China and Russia are wary of backing US moves to tighten international sanctions on Iran. But China, a big oil and gas importer, and Russia, a major energy exporter, also appear to have divergent interests over Iran's nuclear programme. The tensions this programme is generating with the United States have fanned concerns about military conflict in the Persian Gulf. This has helped drive oil prices to record levels.

Beijing should be worried. To fuel its turbocharged economic growth, China now imports about half the oil it consumes and nearly 50 per cent of this is from the Middle East. Oil imports cost China over US$60 billion last year. Following the strong price surge this year, the bill will be much higher. Instability in the Gulf threatens China's energy security.

Meanwhile, Russia profits mightily from ever-higher oil and gas prices. It is using petrodollar income to rebuild its economic and military strength - and extend its influence in Asia.

Iran, stability in the Gulf and energy supplies will be prominent topics on the agenda of Premier Wen Jiabao when he visits Russia early next week as part of a four-country tour of former Soviet republics that started yesterday. In Moscow, Mr Wen will meet his Russian counterpart Viktor Zubkov and President Vladimir Putin. The increasing amounts of oil and gas that China wants to buy from Russia to ease dependence on the Middle East will be based on global market prices.

Despite Moscow's interest in keeping energy prices high and Beijing's interest in seeing them fall, it is Russia rather than China that has been more active in restraining Iran's nuclear ambitions. Both countries have joined the other three permanent members of the UN Security Council - the US, France and Britain - in passing two resolutions since last December calling on Iran to suspend uranium enrichment and other sensitive nuclear activities. Beijing and Moscow insist that no further international sanctions should be imposed, at least until the UN watchdog, the International Atomic Energy Agency, reports later this month on whether it has been able to resolve outstanding questions about Iran's past nuclear behaviour.

In a recent meeting with Iranian leaders, Mr Putin reportedly proposed a 'time out' on further sanctions if they suspended uranium enrichment operations, which could be used to make fuel for nuclear reactors or fissile material for nuclear weapons. Tehran insists its intent is peaceful.
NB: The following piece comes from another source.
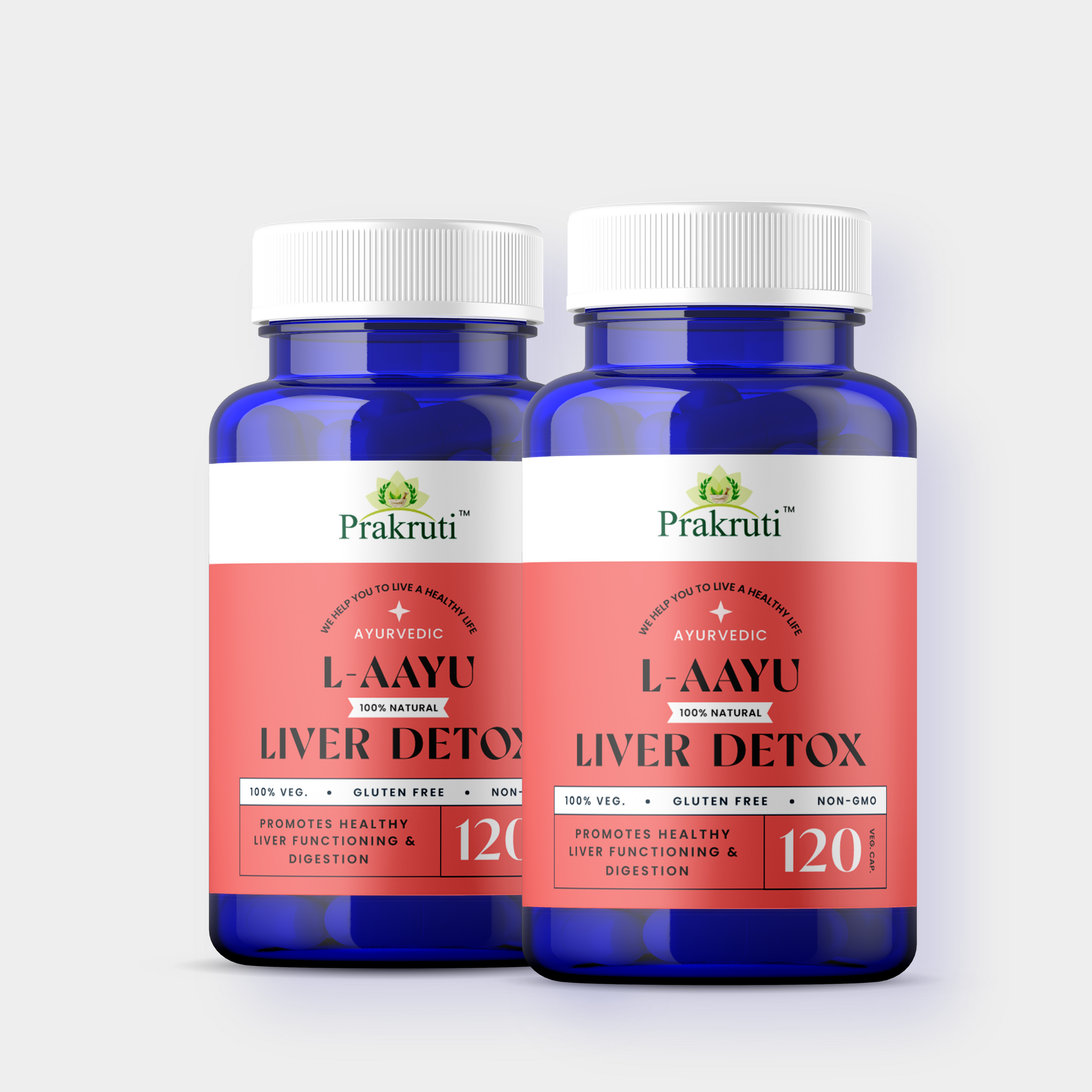 L-Aayu Ayurvedic Capsules for Fatty Liver & Liver Detox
But Mr Putin refused to set a time for finishing Iran's first nuclear power reactor, which Russia is building. The delay is seen as leverage on Tehran. Moscow has also offered Iran access to a nuclear bank it has established in Russia to supply reactor fuel and other services to countries that agree not to enrich uranium.

Mr Putin told a European Jewish Congress in Moscow recently that Russia and Israel were the two countries most threatened by a nuclear Iran. China, much further away than Russia or Israel from Iranian ballistic missiles, evidently sees Iran in a significantly different light: Iran - in its confrontation with the US over the nuclear issue, Iraq and Afghanistan - is weakening America and pinning it down in the Middle East. This gives Beijing a freer hand to expand its influence in Asia and the Pacific.
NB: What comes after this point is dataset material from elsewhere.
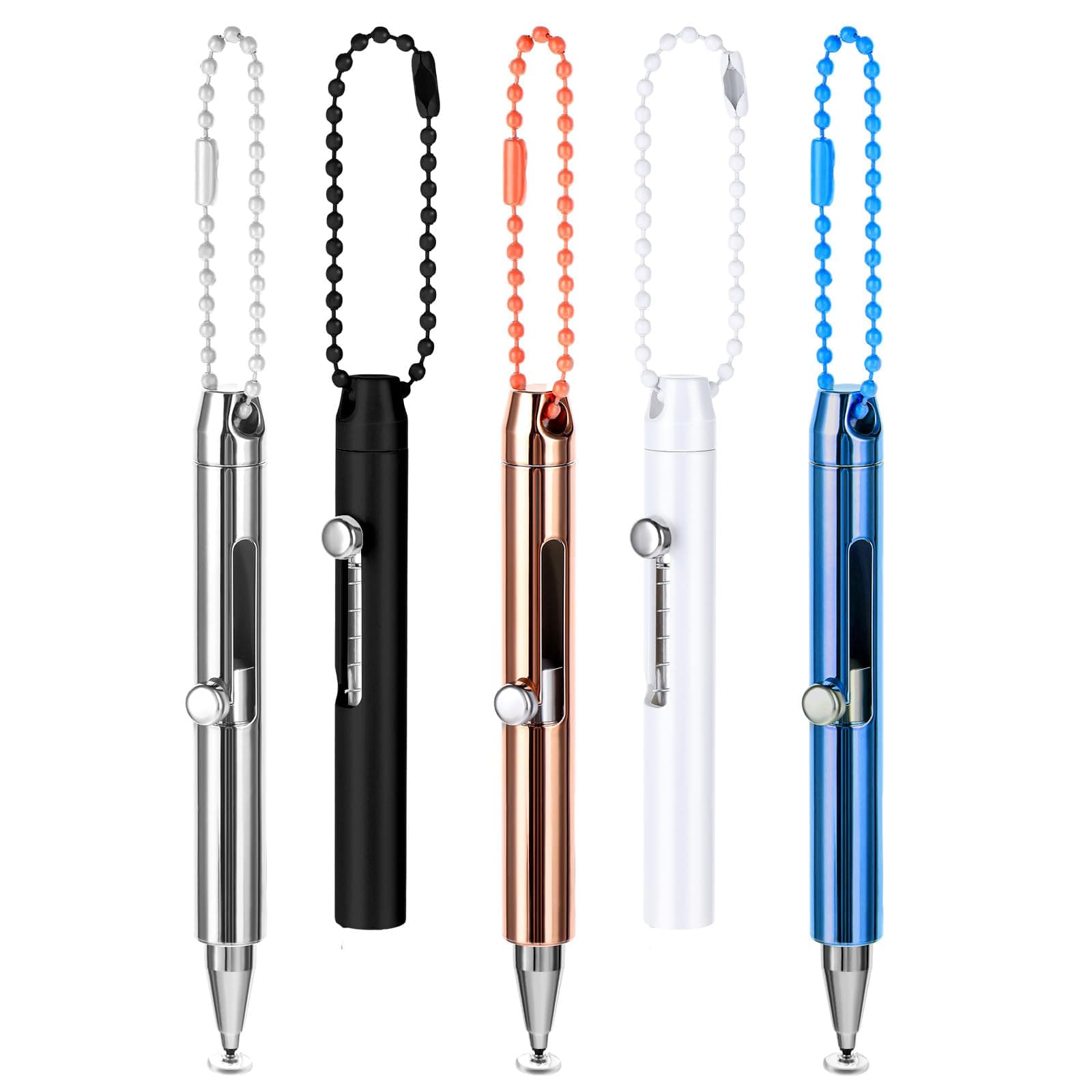 Mabor 5Pcs Touch Screen Pen Mini Tablet Stylus Pens with Keychain Portable Precision Capacitive Stylus Pen for Android Mobile Phones Laptop Accessories Touchscreen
Iran also gives China a new foothold in the energy-rich Gulf. Beijing is cementing its influence through arms sales and trade, seeking to push itself ahead of Russia on both fronts. China could overtake Germany this year as the top exporter of goods to Iran. Two-way trade between China and Iran was worth about US$16 billion last year. Most of it is in Iranian crude oil sales to China. Iran provided nearly 12 per cent of Chinese oil imports last year, a fraction more than Russia. They were the third- and fourth-largest single suppliers, respectively, after Angola and Saudi Arabia, each with around 17 per cent. China has also signed outline agreements with Iran to develop oil and gas fields into major export projects.

Beijing may also see Iran as the best way into neighbouring Iraq after the US leaves. Iraq has the world's third-largest proven conventional oil reserves, after Saudi Arabia and Iran. In June, the Iraqi government revived a contract signed by the Saddam Hussein administration allowing China's largest state-owned oil company to develop an oil field in Iraq. Last month, Iraq agreed to award US$1.1 billion in contracts to Iranian and Chinese firms to build several power plants to generate electricity in Iraq.

Chinese activity has not gone unnoticed in Washington. Officials have warned that Beijing is putting the US-China relationship at risk. John Negroponte, deputy secretary of state and former director of national intelligence, told a New York meeting last month of Americans and Chinese that Beijing should reconsider its investments in Iran's oil and gas sector.

'We have made it clear to Beijing that these types of investments, along with continued arms sales, send the wrong signal to the Iranian regime and raise serious concerns,' he said. 'Given Iran's intransigence on its nuclear programme and its active support of terrorism, now is not the time for normal relations and business as usual with Iran.'

Michael Richardson is a security specialist at the Institute of Southeast Asian Studies in Singapore. This is a personal comment. [email protected]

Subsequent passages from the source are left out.